--- WHAT YOU HAVE TO DO ---
Exclude every picture. Output verbatim the lines from the one containing "Door Handle Trim" to the end of the data.

Pictures with short captions:
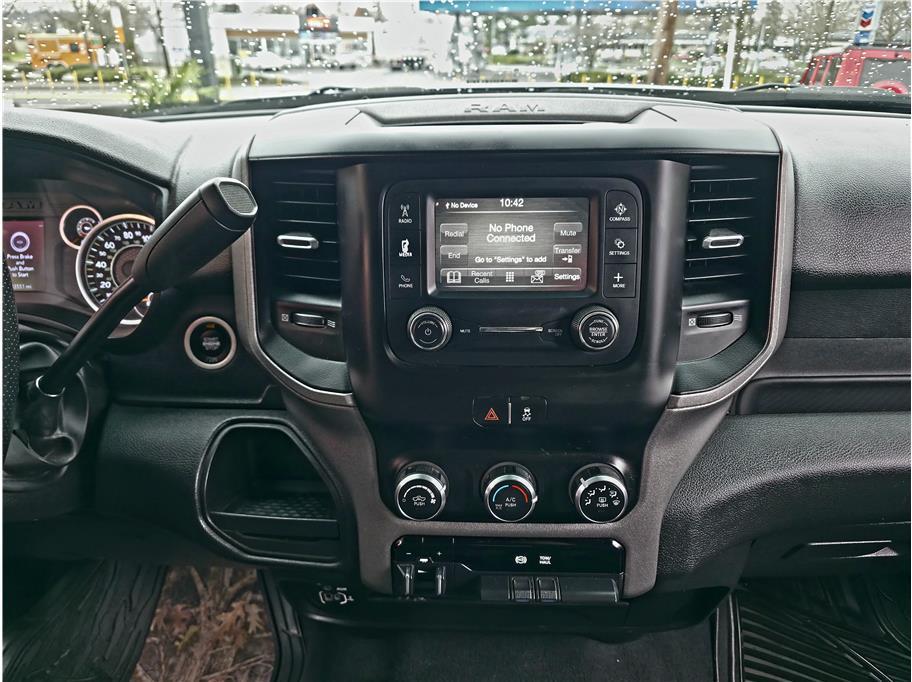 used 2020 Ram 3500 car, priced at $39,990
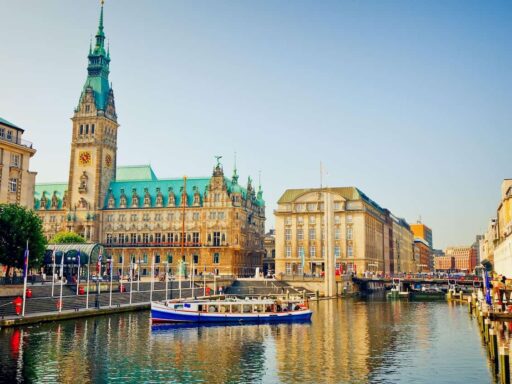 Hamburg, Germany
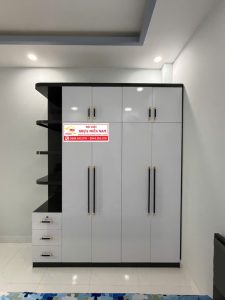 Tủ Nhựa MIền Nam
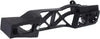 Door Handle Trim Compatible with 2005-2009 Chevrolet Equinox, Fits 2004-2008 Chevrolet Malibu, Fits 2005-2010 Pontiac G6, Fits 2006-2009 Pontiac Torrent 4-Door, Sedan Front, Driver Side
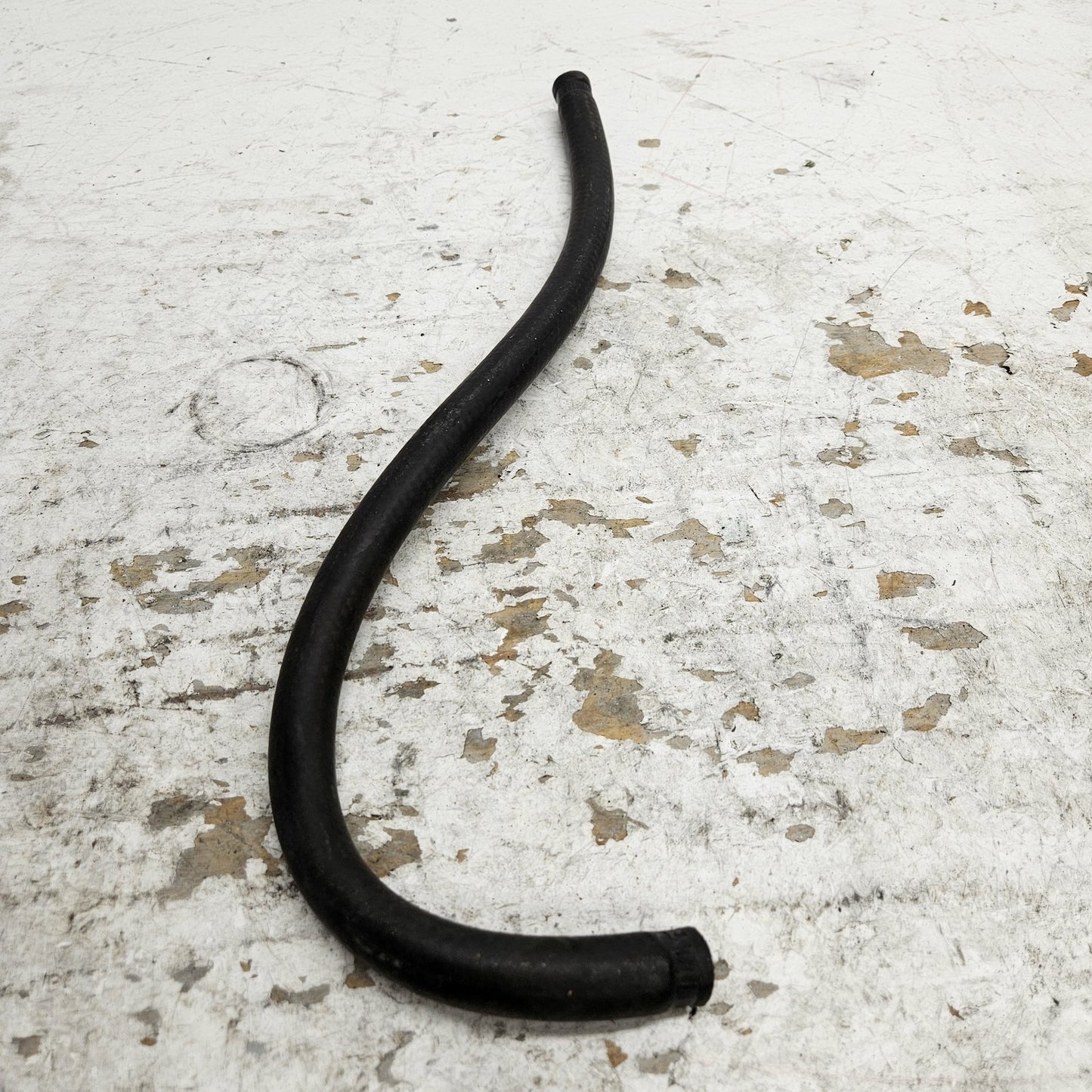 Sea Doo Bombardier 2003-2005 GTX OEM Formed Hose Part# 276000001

--- RESULT FOR THIS EXERCISE ---
 Door Handle Trim Compatible with 2005-2009 Chevrolet Equinox, Fits 2004-2008 Chevrolet Malibu, Fits 2005-2010 Pontiac G6, Fits 2006-2009 Pontiac Torrent 4-Door, Sedan Front, Driver Side
 Sea Doo Bombardier 2003-2005 GTX OEM Formed Hose Part# 276000001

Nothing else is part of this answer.